Perhaps more analytically convincing is the Tribunal’s reliance on the fact that the Swiss-Uzbek BIT adopted two arbitration alternatives from which the investor might choose: ad hoc UNCITRAL Arbitration and ICSID Arbitration. For that choice to be an effective one, the Tribunal reasoned, the “investments” qualifying for arbitration under either mechanism should be the same, and thus an interpretation should be avoided that would make “investments” eligible for UNCITRAL arbitration but not ICSID Arbitration. Correspondingly, ICSID jurisprudence was held to provide suitable inspiration and guidance (but not precedent in a stare decisis sense) for deciding the treaty interpretation issue here.
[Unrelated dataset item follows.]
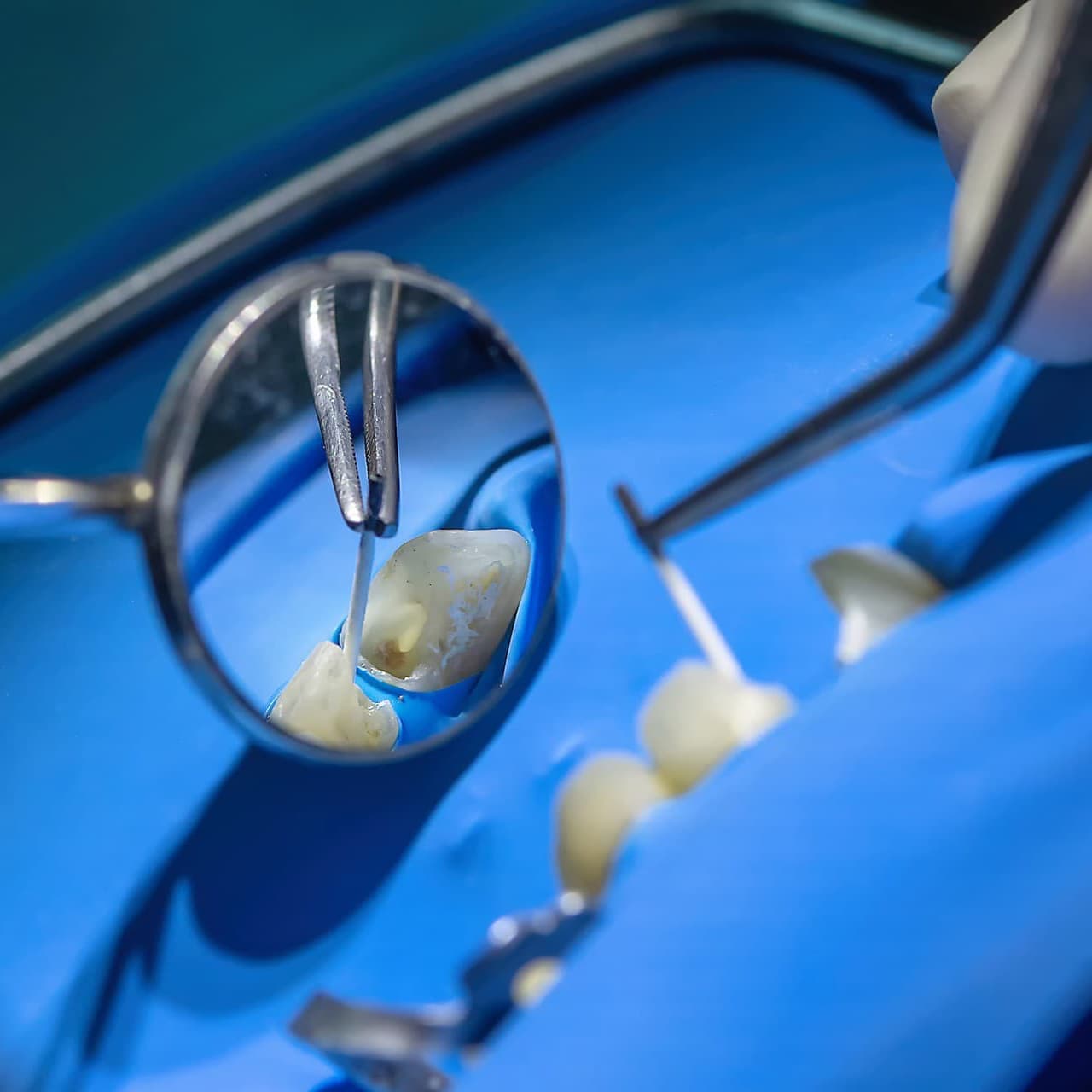 Tratamiento de endodoncia en Ferrol - Centro Dental San Pablo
Of course, here again there was at least one other way of looking at things: that ad hoc arbitration under the UNCITRAL Rules was included to ensure that disputes that would not jurisdictionally qualify for ICSID arbitration under the ICSID Convention conception of “investment,” but were intended to be arbitrable under the BIT, would find their way to an arbitral forum.
With these analytical premises in place, the Tribunal proceeded to rely on ICSID jurisprudence for its conclusion that “the term ‘investments’ under the BIT has an inherent meaning (irrespective of whether the investor resorts to ICSIDE or UNCITRAL arbitral proceedings) entailing a contribution that extends over a certain period of time and that involves some risk.” And the Tribunal took pains to insist that it was completely accepting of the notion that State parties to a BIT have freedom of contract to decide what scope to give to the term “investments” — but that the parties here had not, at least not in sufficiently plain terms, elected to treat sales of goods transactions as such. This latter declaration by the Tribunal might well have been included to anticipate that some readers would raise the concern stated in the first sentence of this commentary. And the reasoning in this award appears to underscore that, in the jurisprudence of arbitral jurisdiction under investment treaties, there is an unresolved tension for arbitrators between engaging in principled treaty interpretation and choreographing a “sensible” transnational system for the resolution of disputes.